Perhaps a little surprisingly, science museum collections have not historically been formed systematically. The London Science Museum started, alongside the Victoria and Albert Museum, with objects from the Great Exhibition, and was boosted by part of the (enormous) Henry Wellcome collection. More recently curators have been proactive – cultivating collectors and research and industry institutions. Acquisition by purchase at auction is less common than in the art museum world but not completely unknown. Sometimes museums will make public appeals for objects, for example during the recent COVID pandemic. It has always been the case that documents, and more recently software and other digital artefacts greatly outnumber "physical" objects. Digital artefacts represent a challenge since for most modern scientific equipment to be useable the software required to run the equipment is required, and speaking from experience it can be challenging to get the software running whilst the equipment is in working use. These documents are either artefacts in their own right (for example railway posters) or documentation relating to a particular object.
Like icebergs much of a science museum collection is away from public view in increasingly specialised storage facilities. Alberti is keen to highlight the vitality and dynamism of storage facilities, curators in general appear reluctant to refer to stores as "stores"! Stores are places where research and conservation happen, sometimes there are hazards to be managed – legacy radioactive materials are an issue both in museums and also in currently operational labs.
Museums present objects in long term exhibitions, and shorter, more focused exhibitions which may move from museum to museum. Exhibitions can be object-led or story-led, and the human stories are an important element. Science museums attract a wide age range. Pierre Boudieu makes an appearance here, as my wife completes her (Doctorate of Education) Bourdieu has been a constant occupant of the mental space of our home. His relevance here is the idea of "scientific capital" to parallel Bourdieu’s "cultural capital". "Scientific capital" refers to all the scientific touch points and knowledge you might have, I have demonstrated my "scientific capital" above, citing my experiences in word class research laboratories, and experience with scientific research. As a scientist from a very young age science museums have been my natural home but this is in large part due to my family rather than formal education.

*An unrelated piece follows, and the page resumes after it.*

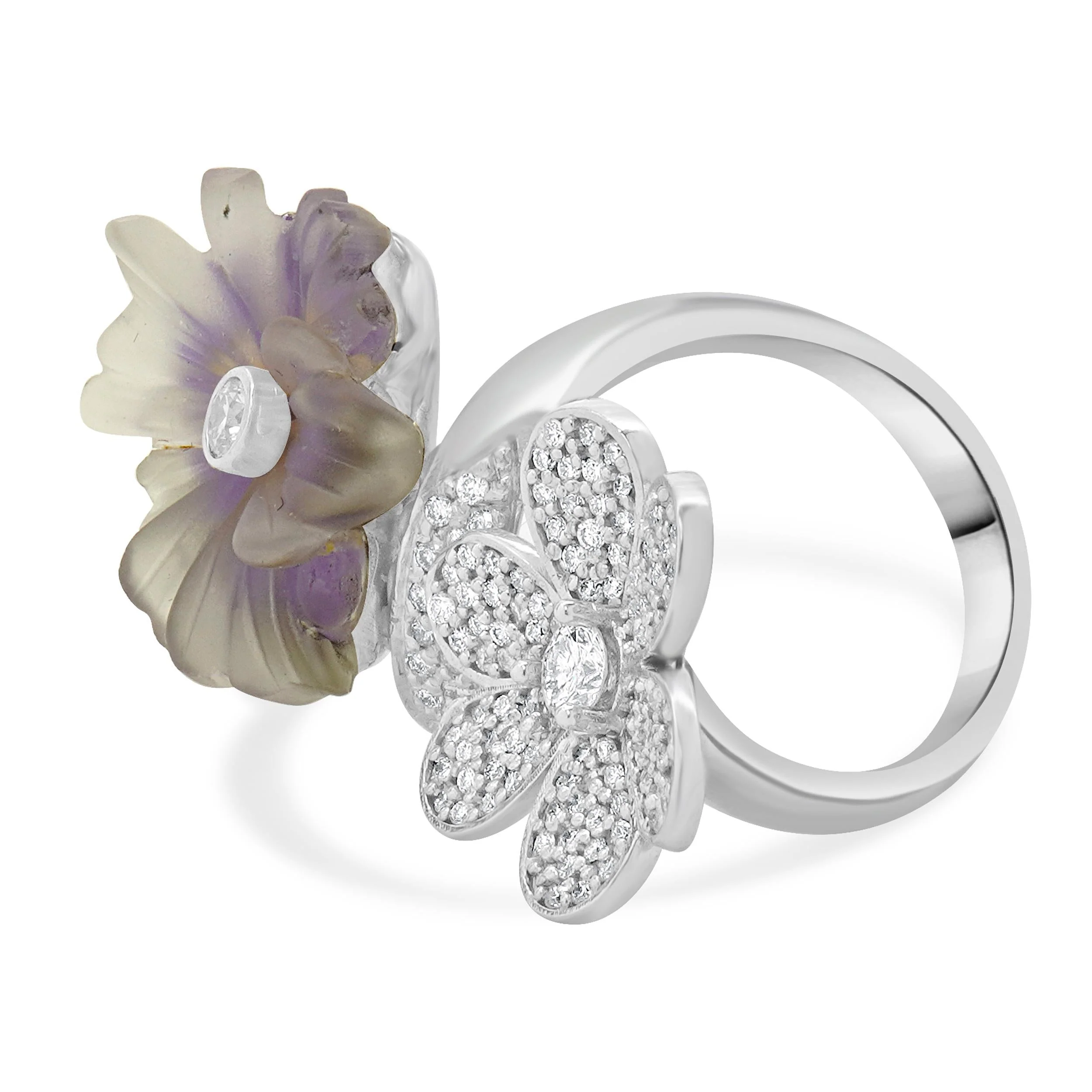 14 Karat White Gold Pave Diamond and Quartz Double Flower Ring - Image 2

The book finishes with a chapter on campaigning with collections, covering climate change, racism and colonialism, disability, and mis-information. Museums are held in high regard in terms of confidence in the information they provide, although they see their role more in teaching scientific literacy – supported by the objects they hold – rather than trying to megaphone facts. Many collections contain objects with morally dubious histories, as white Western countries we have typically ignored these issues – the Black Lives Matter movement means this is starting to change.
I think the best way of placing this is as a social history of the science museum – the author cites Richard Fortey’s Dry Store Room 1 as a model/inspiration and talks of the book as a "curator confessional", an entertaining enough read but rather specialist.